The US Military Could Deploy Drones Armed With High-Energy Laser Guns by 2017
Thanks to a new high-energy laser weapon, the future of drone warfare is rapidly resembling something out of a terrifying science fiction film
In military matters, there are few things more controversial than drone warfare. The idea of deploying robotic killing machines does not sit well with many, while others argue that such tactics are the best way to reduce casualties during one of the trickiest periods of modern warfare we have ever witnessed. But far from reducing the presence of drones in Middle East battlegrounds, the US military could soon be making some serious upgrades to the machines, upgrades that are straight out of your favorite science fiction flicks.
General Atomics Aeronautical Systems, Inc. (GA-ASI) are among the leaders in laser defense technologies, and they believe they're close to creating a high-energy laser weapon capable of integration with current models of US military drones. Yes, you heard that right. Remote-controlled killing machines with laser weapons could soon be a thing.
"We're funded right now to develop a laser module compatible with the aircraft and study putting it on the Avenger," GA-ASI's Michael Perry told Defense One. "We hope to be funded to do that,"

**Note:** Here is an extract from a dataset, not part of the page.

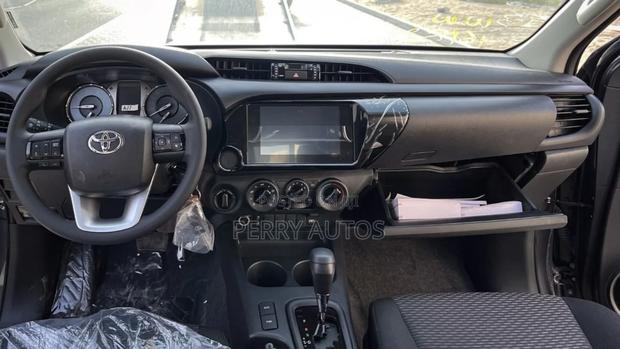 New Toyota Hilux 2024 Black photo 4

But laser defense is nothing new, in fact GA-ASI laser modules are already seeing action right now. The USS Ponce currently plays host to a laser defense system whose 30kw output can take down a fast moving missile and open up a decent-sized whole in the hull of a boat. While that's a fearsome prospect, model being developed by GA-ASI for integration with US military drones would be far more powerful. With 150kw power behind it (and the ability to fire for a sustained amount of time) the new GA-ASI laser module would be capable of punching through highly armored targets.
However, as is demonstrated by the size of the laser in the video above, a module capable of delivering 5 times more power is likely to be extremely large and incredibly heavy, which are two things not ideally suited to integrating with an aircraft. Much of GA-ASI's research has gone into reducing the size and weight of the laser module as much as possible, and they are confident they can develop a module suitable for a Predator-C drone's 3000kg payload.
A more important hurdle to overcome is that of targeting. For any weapon capable of delivering such power, it's essential that you can deploy it with the utmost accuracy, a fact that Perry is fully aware of.
Before you spend any money on a laser you better darn well show that you can acquire, ID, and track the objects of interest so that you could put a laser on them. You have to be able to compensate for aero-optic distortion.
Compared to a module mounted on a large ship like the USS Ponce, a drone-mounted module would have to counter huge vibration levels as well as the dusty desert air of its likely deployment areas, not to mention the far greater speeds of its host vessel.
If GA-ASI are successful, it's expected that these powerful laser weapons could be deployed as early as 2017, transforming the face of drone warfare forever.